LOS ANGELES — "Two and a Half Men" star Charlie Sheen has skirted disaster as a wayward, middle-aged party boy who regularly tested the patience of the TV network and studio trying to protect their valuable sitcom property.
It was a violence-tinged and anti-Semitic radio rant that helped push him over the edge and, finally, forced CBS and Warner Bros. Television to take action.
In a one-sentence joint statement Thursday, the companies said they were ending production on television's No. 1 sitcom for the season, a decision based on the "totality of Charlie Sheen's statements, conduct and condition."
Whether he's gone far enough to sink the series and, possibly, his career as one of TV's highest-paid actors remained unclear. Sheen's rambling interview Thursday with host Alex Jones was reminiscent of Mel Gibson's tirade during a 2006 traffic stop _ but Sheen knew his remarks were public.
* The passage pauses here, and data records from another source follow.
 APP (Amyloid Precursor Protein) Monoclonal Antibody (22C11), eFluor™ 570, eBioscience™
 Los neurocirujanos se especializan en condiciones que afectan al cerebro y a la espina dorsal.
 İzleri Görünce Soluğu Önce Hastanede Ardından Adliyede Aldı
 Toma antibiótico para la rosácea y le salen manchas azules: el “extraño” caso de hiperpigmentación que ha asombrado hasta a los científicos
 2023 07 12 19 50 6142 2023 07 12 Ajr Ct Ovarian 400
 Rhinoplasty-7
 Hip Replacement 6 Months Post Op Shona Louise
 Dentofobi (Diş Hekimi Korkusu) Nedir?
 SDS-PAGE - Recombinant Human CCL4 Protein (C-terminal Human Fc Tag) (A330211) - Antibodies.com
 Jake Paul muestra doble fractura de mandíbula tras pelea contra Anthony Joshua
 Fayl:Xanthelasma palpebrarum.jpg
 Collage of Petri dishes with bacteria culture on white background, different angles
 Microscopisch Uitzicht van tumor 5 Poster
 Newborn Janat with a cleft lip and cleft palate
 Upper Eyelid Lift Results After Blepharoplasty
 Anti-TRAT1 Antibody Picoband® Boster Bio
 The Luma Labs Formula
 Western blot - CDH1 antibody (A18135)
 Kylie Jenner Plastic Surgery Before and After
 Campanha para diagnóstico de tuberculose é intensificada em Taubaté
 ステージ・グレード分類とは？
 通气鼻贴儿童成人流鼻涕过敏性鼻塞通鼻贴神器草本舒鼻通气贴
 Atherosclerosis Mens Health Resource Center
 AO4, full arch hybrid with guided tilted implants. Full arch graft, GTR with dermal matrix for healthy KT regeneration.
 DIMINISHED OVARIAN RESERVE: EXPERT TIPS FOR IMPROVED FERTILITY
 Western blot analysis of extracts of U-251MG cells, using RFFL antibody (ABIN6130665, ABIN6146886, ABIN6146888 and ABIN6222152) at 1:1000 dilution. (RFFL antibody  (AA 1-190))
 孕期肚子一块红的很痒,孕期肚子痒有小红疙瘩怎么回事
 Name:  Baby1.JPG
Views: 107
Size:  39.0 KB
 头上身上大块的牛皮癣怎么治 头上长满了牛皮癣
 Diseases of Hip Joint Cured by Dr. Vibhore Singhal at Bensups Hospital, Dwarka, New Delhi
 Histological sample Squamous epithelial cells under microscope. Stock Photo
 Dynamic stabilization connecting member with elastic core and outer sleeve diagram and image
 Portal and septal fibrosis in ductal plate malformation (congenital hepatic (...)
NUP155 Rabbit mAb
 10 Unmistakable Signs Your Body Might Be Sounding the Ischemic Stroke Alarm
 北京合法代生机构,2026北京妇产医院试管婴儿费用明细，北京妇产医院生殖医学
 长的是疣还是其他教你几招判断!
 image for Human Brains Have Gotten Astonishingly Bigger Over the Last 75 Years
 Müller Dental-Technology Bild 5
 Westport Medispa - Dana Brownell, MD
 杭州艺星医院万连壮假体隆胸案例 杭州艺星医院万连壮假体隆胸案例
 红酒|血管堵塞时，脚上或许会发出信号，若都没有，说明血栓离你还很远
The production halt leaves CBS eight episodes shy of the 24 half-hours it had expected to air as the cornerstone of its Monday night comedy lineup. And it makes the network and Warner, which reaps hundreds of millions from the show in syndication, the potential go-betweens between Sheen and "Two and a Half Men" executive producer Chuck Lorre.
Lorre bore the brunt of Sheen's attacks during the radio interview and in a subsequent "open letter" sent to TMZ after the CBS-Warner decision and posted on the entertainment website.
In the letter, the actor called Lorre a "contaminated little maggot" and wished the producer "nothing but pain."
"Clearly I have defeated this earthworm with my words _ imagine what I would have done with my fire breathing fists," the 45-year-old Sheen wrote.
Improbably, he also called on his admirers to start a protest movement for him.
"I urge all my beautiful and loyal fans who embraced this show for almost a decade to walk with me side-by-side as we march up the steps of justice to right this unconscionable wrong," Sheen wrote.